Published on June 19th, 2023 | by Angela Tucker
1The “M” Word
The following is an excerpt from You Should Be Grateful”: Stories of Race, Identity, and Transracial Adoption.
An email notification popped up on my iPhone. I clicked the notification to find an email from Deborah. The subject line read, “My 1st Airplane ride!” Two years after visiting Chattanooga, I invited Deborah to Seattle. I was eager to show her my childhood bedroom, the high school I attended, and the track where I had won so many races, and I wanted to play a song for her on the piano. I was giving a keynote speech at an adoption fundraiser event and thought that would be the perfect finale to her trip. For her to see me up on stage, speaking confidently and with authority, would provide proof that I had turned out okay. I held hope that it would wipe away the pain of her decision.
“Angela, I am looking forward to my first airplane ride.
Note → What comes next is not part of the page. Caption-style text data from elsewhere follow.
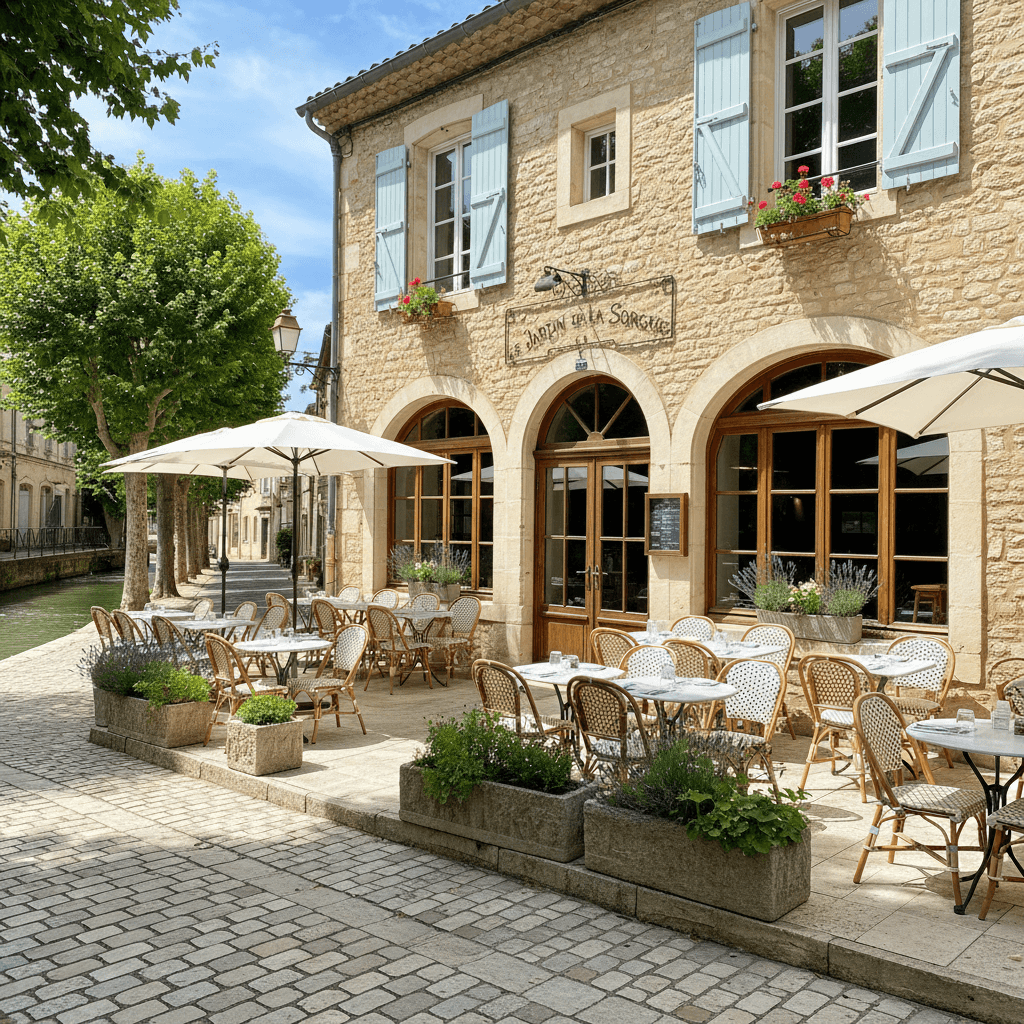 Restaurant 300m² à L'Isle-Sur-La-Sorgue : terrasse - licence IV - Image 1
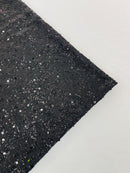 Shimmer Glitter Bead Fabric - Black - Sparkle Stretch Sequins Bead Shiny Glitter Fabric By Yard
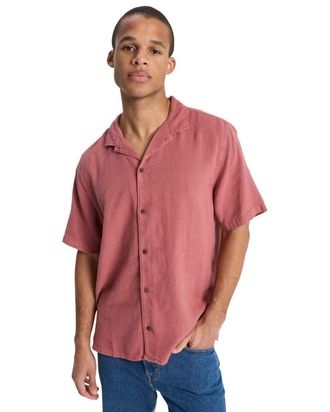 Quiksilver Funktionshemd QUIKSILVER Sunrise, Herren, Gr. XXL, US-Gr&ouml;ssen, burnt russet, Obermaterial: 55% Walkfrottier, 45% Hanf;, Hemden Funktionshemd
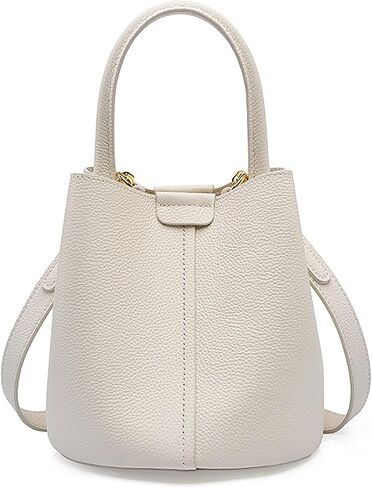 Bucket Bags for Women, Genuine Leather Crossbody Bags, Top-handle purses with an Adjustable Strap in Kuwait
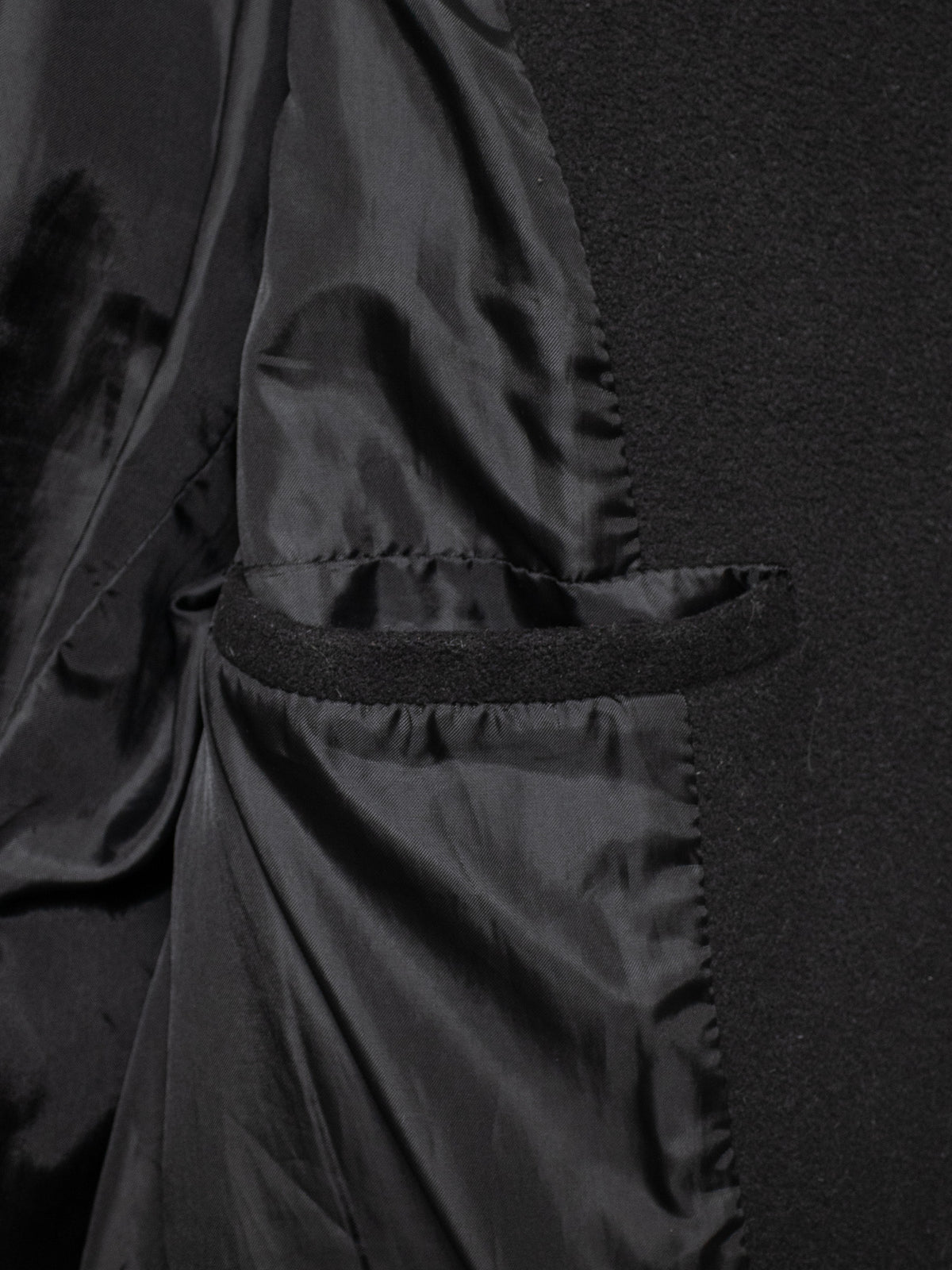 Asymmetrical Stand Collar Coat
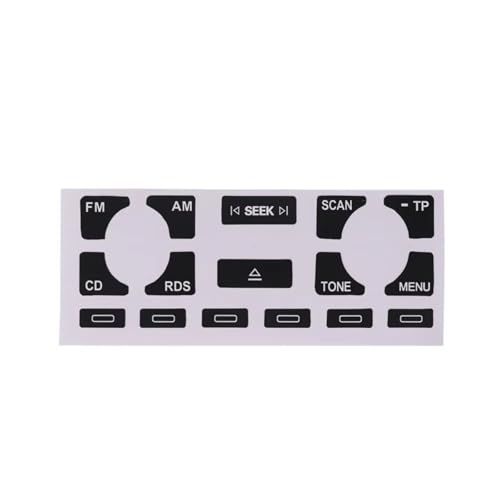 Autocollant bouton voiture A4 B6 A2 A3 8L pour radio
Just let me know how to get on the airplane and when. Oh, and what will it feel like up in the air? What should I wear on the plane? Weather-wise, do I need special clothes for that, too? Just let me know what I should do!”
I spent the next few weeks preparing Deborah for the flight. Deborah told me that she’d only been outside the state of Tennessee once in her life. I taught her about the metal detectors and that she’d likely need to take her shoes off and empty her pockets. Deborah didn’t have a cell phone, so we walked through every step of the process before she left. “Where will my Baby Doll sit? Did you get a spot for her, too?” she asked one day.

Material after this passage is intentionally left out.